(Records drawn from a dataset)
-------
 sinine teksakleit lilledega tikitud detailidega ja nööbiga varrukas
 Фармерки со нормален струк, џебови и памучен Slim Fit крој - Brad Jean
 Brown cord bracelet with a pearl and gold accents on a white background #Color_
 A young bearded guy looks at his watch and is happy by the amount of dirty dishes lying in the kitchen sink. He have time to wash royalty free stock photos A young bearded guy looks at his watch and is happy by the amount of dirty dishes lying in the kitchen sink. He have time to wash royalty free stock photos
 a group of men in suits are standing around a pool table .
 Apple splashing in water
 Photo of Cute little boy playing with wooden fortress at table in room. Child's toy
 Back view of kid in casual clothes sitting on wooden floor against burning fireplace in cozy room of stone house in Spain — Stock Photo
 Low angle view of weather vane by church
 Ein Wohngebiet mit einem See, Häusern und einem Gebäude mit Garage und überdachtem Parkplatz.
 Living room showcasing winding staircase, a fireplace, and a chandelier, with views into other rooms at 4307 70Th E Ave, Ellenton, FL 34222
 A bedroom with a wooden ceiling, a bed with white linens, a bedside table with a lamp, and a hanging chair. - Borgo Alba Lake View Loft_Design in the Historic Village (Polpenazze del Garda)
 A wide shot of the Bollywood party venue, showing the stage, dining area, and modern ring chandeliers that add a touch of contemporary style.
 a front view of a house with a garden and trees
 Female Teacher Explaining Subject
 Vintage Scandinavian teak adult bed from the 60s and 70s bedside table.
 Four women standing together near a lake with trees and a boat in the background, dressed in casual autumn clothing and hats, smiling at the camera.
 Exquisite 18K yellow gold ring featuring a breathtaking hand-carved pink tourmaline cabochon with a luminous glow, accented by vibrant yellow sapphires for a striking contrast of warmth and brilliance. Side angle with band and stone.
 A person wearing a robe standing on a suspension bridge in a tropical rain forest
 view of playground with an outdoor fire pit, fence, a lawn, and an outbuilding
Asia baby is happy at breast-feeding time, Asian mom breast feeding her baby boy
-------
**Assigned task:**
Repeat only the stretch of lines that begins at the line containing "Female Teacher Explaining Subject" and ends at the last line above, both included.

**Your response:**
 Female Teacher Explaining Subject
 Vintage Scandinavian teak adult bed from the 60s and 70s bedside table.
 Four women standing together near a lake with trees and a boat in the background, dressed in casual autumn clothing and hats, smiling at the camera.
 Exquisite 18K yellow gold ring featuring a breathtaking hand-carved pink tourmaline cabochon with a luminous glow, accented by vibrant yellow sapphires for a striking contrast of warmth and brilliance. Side angle with band and stone.
 A person wearing a robe standing on a suspension bridge in a tropical rain forest
 view of playground with an outdoor fire pit, fence, a lawn, and an outbuilding
Asia baby is happy at breast-feeding time, Asian mom breast feeding her baby boy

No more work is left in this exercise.